[Exercise aim] The whole listing, except its pictures, is to be repeated exactly.

[Supplied information]
· · ·

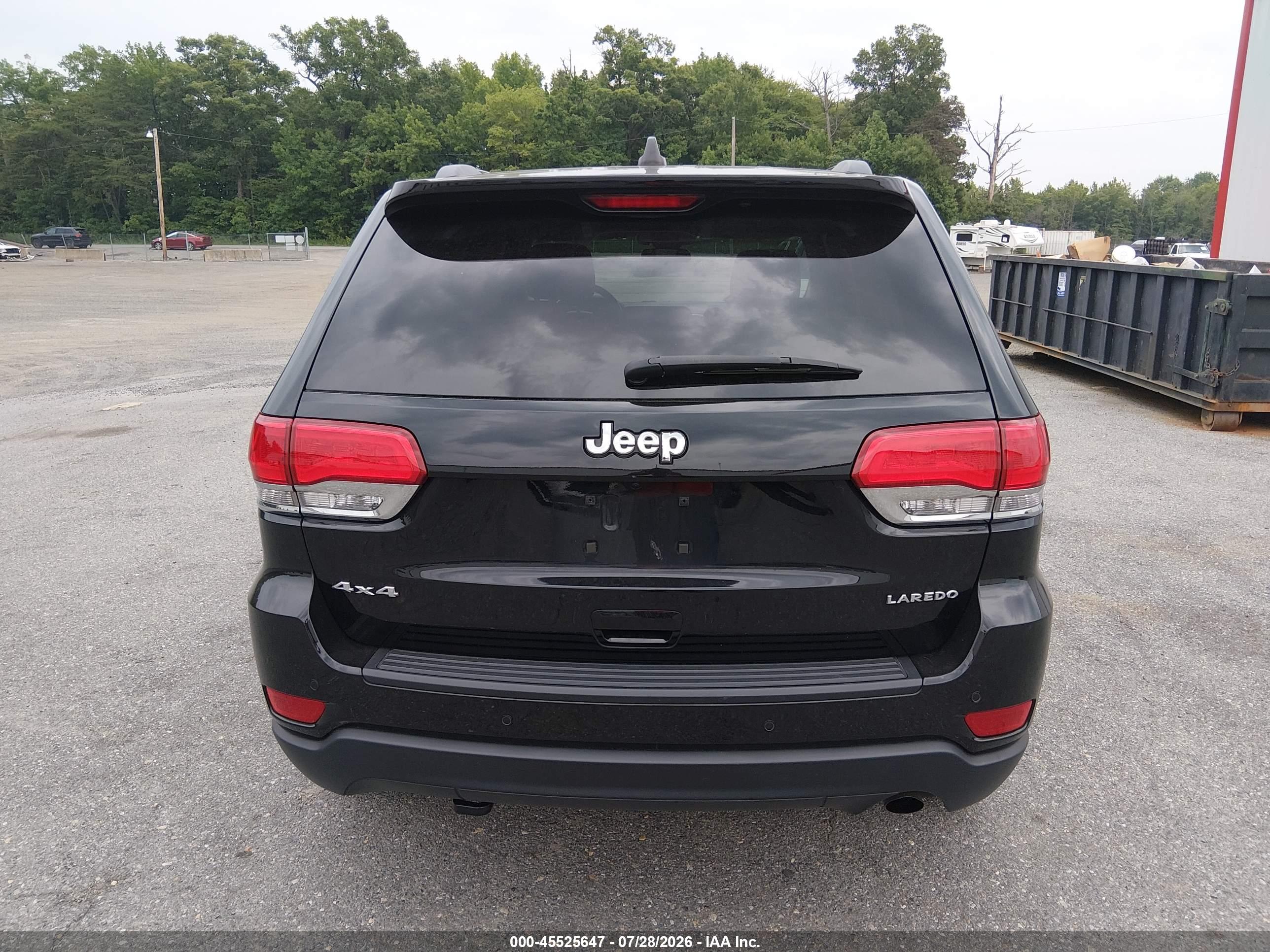 2019 JEEP GRAND CHEROKEE LAREDO E 4X4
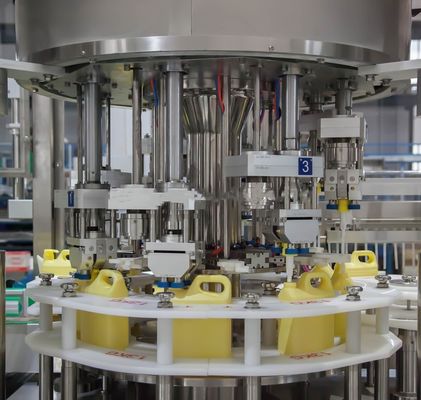Máquina que capsula del depuración del minuto 4000 BPH de la botella libre del ANIMAL DOMÉSTICO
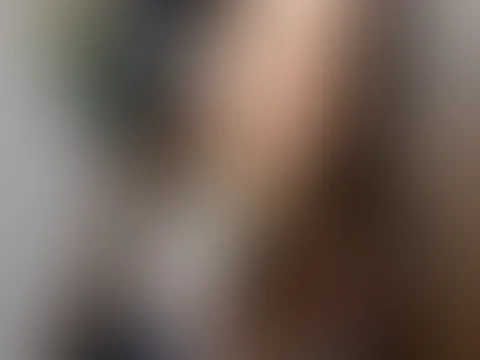 Na mein Süßer? Gut geschlafen heute? Hilfst du mir beim ausziehen? 😈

· · ·

[Result]
 2019 JEEP GRAND CHEROKEE LAREDO E 4X4
Máquina que capsula del depuración del minuto 4000 BPH de la botella libre del ANIMAL DOMÉSTICO
 Na mein Süßer? Gut geschlafen heute? Hilfst du mir beim ausziehen? 😈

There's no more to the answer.